Mickey Rourke plays Randy "The Ram" Robinson, and he has been fortunate enough to not only find his function but to be able to do it as much as possible. His happiness is professional wrestling--strapping on tights and engaging in extreme physical activity for the purposes of entertainment. Randy was even more fortunate in that for a while he was at the top of his game: he was one of the most popular and well-love professional wrestlers in the world.
Lately he's fallen on hard times. Basically, his life is crap. He knows it's crap. He wasn't smart about his happiness; he focused so hard on the wrestling that he neglected everything else. He's living in a trailer that he can't afford. The only person he can really talk to is a stripper named Pam (Marisa Tomei), and he has to pay her for that luxury. He has a crappy job in a supermarket to try to scrape together enough money for steroids, tanning sessions, and hair dying sessions. He isn't taking care of himself at all. But he still wrestles. He still gets into that ring and gives it his all. And when he does, for those glorious few minutes he is happy, as happy as any man can ever be.
And then in a horrifying moment he is betrayed by the one thing that he needs most in order to wrestle: his horribly abused body revolts against its mistreatment. He has a heart attack. His doctor tells him that if he ever wrestles again he'll likely die.
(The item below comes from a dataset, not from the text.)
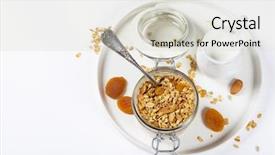  Presentation with granola - Audience pleasing PPT layouts consisting of graviola leaves - homemade oatmeal granola with fruits backdrop and a lemonade colored foreground
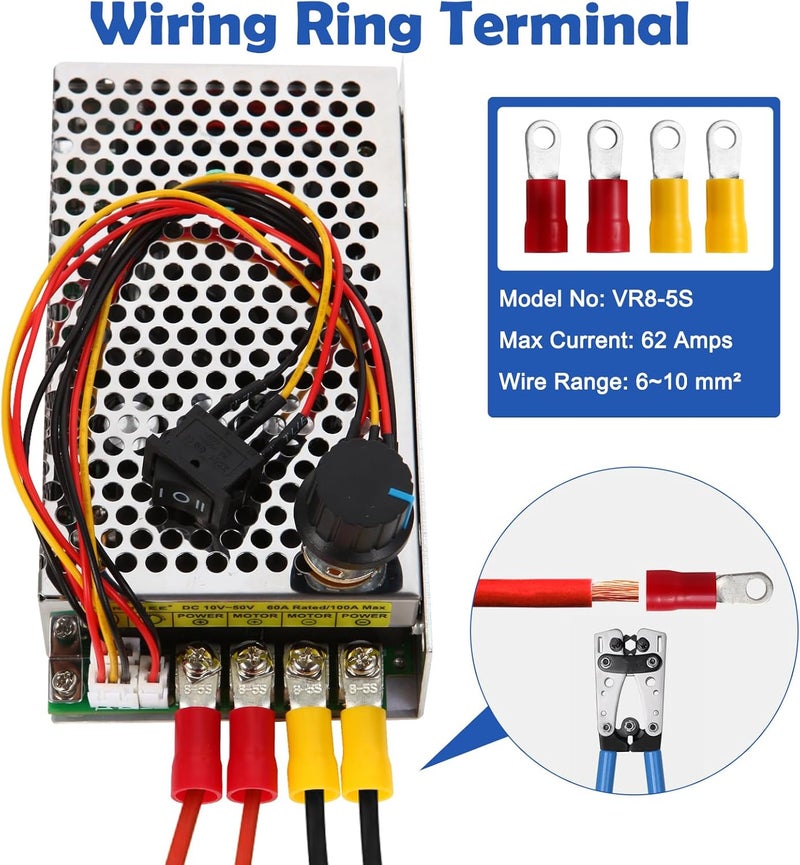 HARMNEE Industrial Grade PWM DC Motor Speed Controller, DC 10V-50V / Rated 60A / Max 100A Industrial Grade DC Brush Motor Controller with Fuse & CW/CCW Switch & Potentiometer Knob - Image 2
What can he do? Everything else in his life makes him miserable. He's never been any good at anything else. He's concentrated so hard on his wrestling that indeed it seems like he doesn't even know how to do anything else at all.
So he starts with painful and awkward steps to try to make some kind of life for himself. He reaches out to an estranged daughter. He tries to make an actual relationship with Pam. He doesn't know how to do either. And always looming over him is the pain of immeasurable loss. It's like the 6th season of Buffy the Vampire Slayer. If you've been to Heaven but then forcefully ejected, how can the regular world feel like anything other than unbearable Hell? Can you ever be happy again?
Make no mistake--the bad stuff that happens to him is basically all his own fault, but that doesn't lessen his pain. Watching this broken mountain of a man struggle and stumble about, blindly groping for something, anything that he can hold onto to give him a little bit of happiness, while reaping the horrible consequences of his own decisions is wonderfully heartbreaking. But it is also at times very funny and surprisingly heartwarming and life-affirming. He's just such a lovable lunk that you can't help but feel sorry for him and want the best for him, and then agonize when he does something stupid and self-destructive. This is an astonishing performance by Mickey Rourke that justifiably won him a heap of awards.
And the movie is directed unflinchingly by Darren Aronofsky with an almost documentary style. There are many scenes throughout the movie where the camera is situated directly behind Randy and follows him as he walks through areas: from the locker room to the wrestling arena; from the employee break room at a supermarket to the deli counter where he tries to scrape together some money; from his old van to the front door of his daughter's house, etc. It's a wonderful device to show us the worlds through which this character moves, and the contrasts between them all, and how all they do is remind him of what he has lost, of what he should be doing right now.
If anybody sees this movie and thinks that the situation of Randy "The Ram" Robinson seems a little far-fetched, then I suggest you watch the documentary Beyond the Mat and see what happened some of the most popular wrestlers of the 1980s, especially people like Jake the Snake Roberts and Koko B. Ware.
P.S. The Ram's finishing move is the "Ram Jam," a flying headbutt off the top corner turnbuckle.